RAW DATA below:
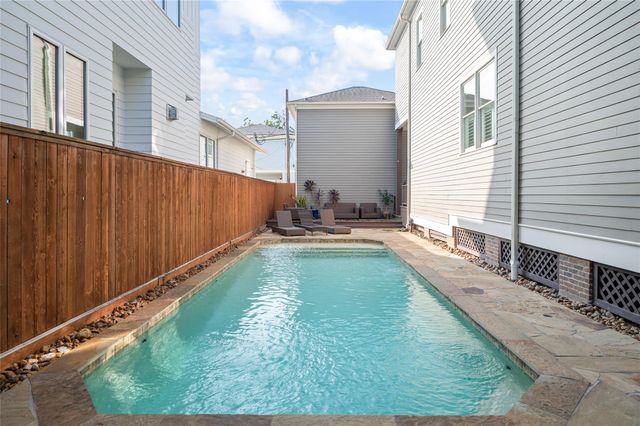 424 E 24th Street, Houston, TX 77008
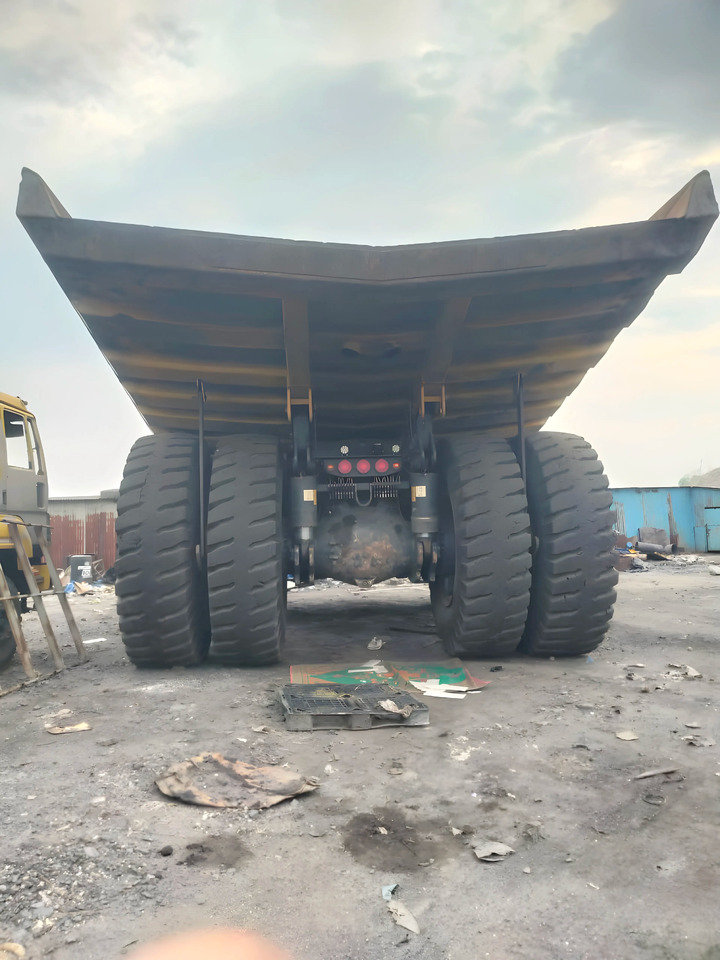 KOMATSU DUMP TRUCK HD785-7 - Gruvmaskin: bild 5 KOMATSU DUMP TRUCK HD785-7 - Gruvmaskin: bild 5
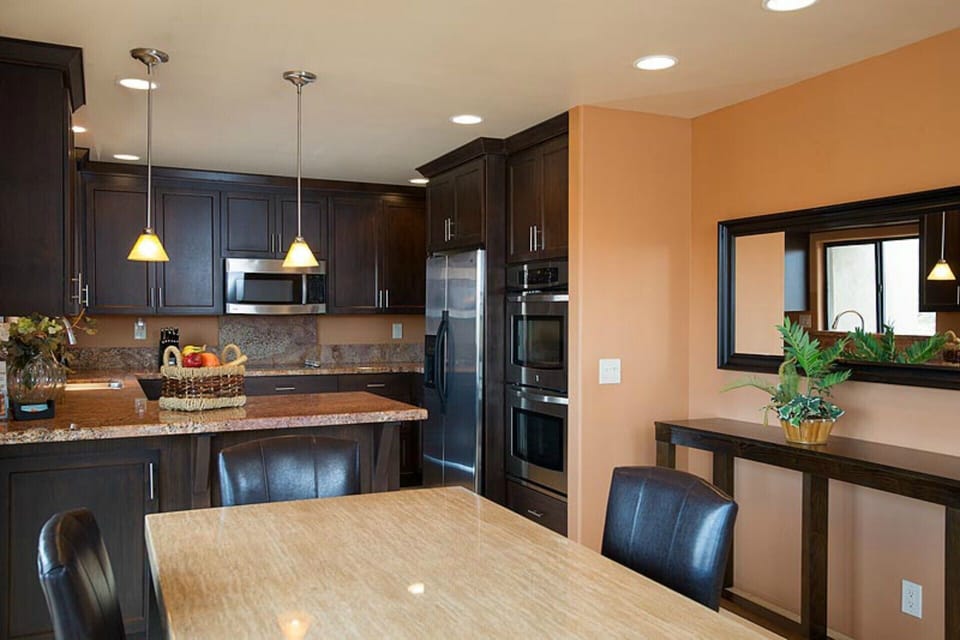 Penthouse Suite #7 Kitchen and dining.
End of RAW DATA.
### [REQUIRED WORK]
Each line above should be printed again exactly, though the pictures should not be.

### [RESULT BELOW]
 424 E 24th Street, Houston, TX 77008
 KOMATSU DUMP TRUCK HD785-7 - Gruvmaskin: bild 5 KOMATSU DUMP TRUCK HD785-7 - Gruvmaskin: bild 5
 Penthouse Suite #7 Kitchen and dining.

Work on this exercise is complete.